The world’s largest commercial vehicle manufacturer said adjusted EBIT for its Industrial Business slumped 42% to €668 million, reflecting reduced volumes and an unfavorable product mix. Overall group EBIT decreased 25% to €652 million, compared with €873 million a year earlier.
Industrial and Financial Performance
Revenue in the Industrial Business fell 14% to €10.59 billion, while the Financial Services division grew 3% to €856 million. Global vehicle sales dropped 15% to 98,009 units, down from 114,917 in the same period of 2024. However, sales of zero-emission vehicles surged 175%, reaching 1,833 units compared with 666 last year.
Net profit declined 27% to €458 million, with earnings per share at €0.57, down from €0.77. Free cash flow in the Industrial Business improved to €24 million, reversing a negative €41 million from the prior year, while adjusted free cash flow rose to €116 million from €73 million.

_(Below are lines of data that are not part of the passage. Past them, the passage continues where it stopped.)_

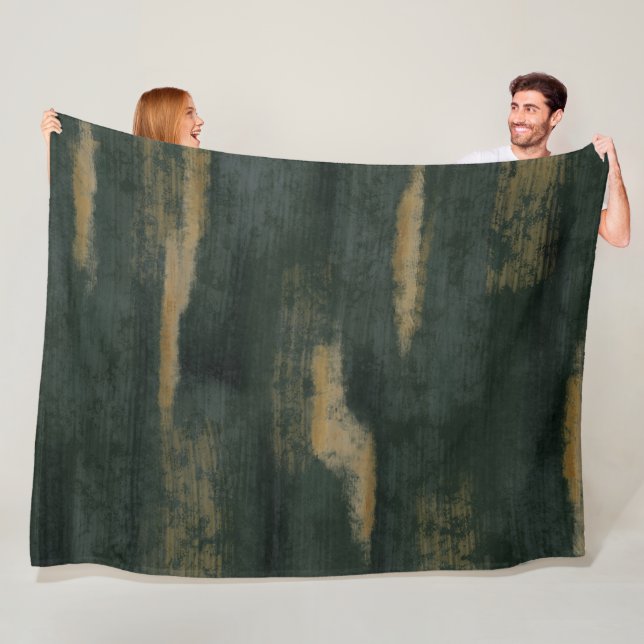 Abstrakte Soft Hues Deep Green & Gold Fleecedecke (Beispiel)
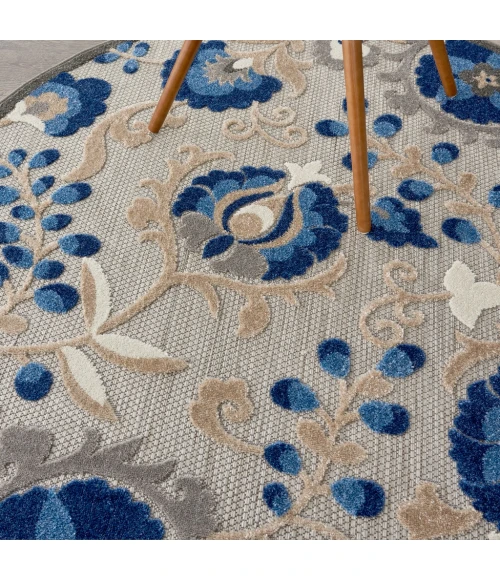 Nourison Aloha Round Area Rug ALH17-Natural/Blue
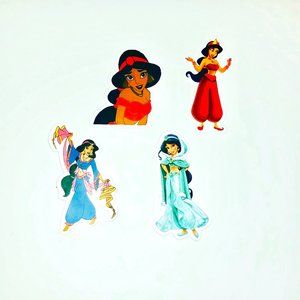 🟢Princess Vinyl Decal Stickers-- Aladin Princess Jasmine Outfit Variations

Net liquidity in the Industrial Business decreased 31% to €5.88 billion, down from €8.56 billion in 2024.
Regional and Segment Results
Performance varied across divisions. Trucks North America reported EBIT of €254 million, a steep 65% decline from €717 million, driven by weaker demand in the United States, Canada, and Mexico.
Mercedes-Benz Trucks, on the other hand, increased EBIT to €283 million from €57 million, supported by strong sales in Europe and Latin America.
Trucks Asia recorded EBIT of €65 million, down 13% due to a 33% sales drop in Indonesia.
Daimler Buses remained stable, posting €136 million in EBIT, while Financial Services more than doubled earnings to €41 million from €16 million last year.
Unit sales mirrored this mixed picture. North America fell 39% to 30,225 trucks, Mercedes-Benz Trucks rose 8% to 39,290 units, Trucks Asia dropped 8% to 25,515, and Daimler Buses slipped 4% to 6,443.
Investment, Strategy, and Innovation
Research and development spending increased 10% to €520 million, while investments in property, plant, and equipment declined 11% to €278 million.
During the quarter, Daimler Truck hosted its Capital Market Day in Cleveland, North Carolina, unveiling its “Stronger 2030” strategic plan and a €2 billion share buyback program to be executed over two years.
The company also opened a Global Parts Center in Halberstadt, Germany, which it described as the “heart of Mercedes-Benz Trucks’ global spare parts logistics.” The facility is designed for CO₂e-neutral operation.
Other highlights included a partnership with French manufacturer ARQUUS for military vehicle development, the launch of new Mercedes-Benz Axor models in Brazil, and the introduction of BharatBenz HX trucks in India for construction and mining. Daimler Buses also began testing the Setra “H₂ Coach,” its first hydrogen fuel-cell model, while deliveries of the eActros 600 electric truck expanded to over 15 European countries.
Outlook for 2025
Daimler Truck reaffirmed its full-year forecast, expecting adjusted group EBIT between €3.6 billion and €4.1 billion, Industrial Business unit sales of 410,000 to 440,000 vehicles, an adjusted return on sales of 7% to 9%, and free cash flow between €1.5 billion and €2 billion.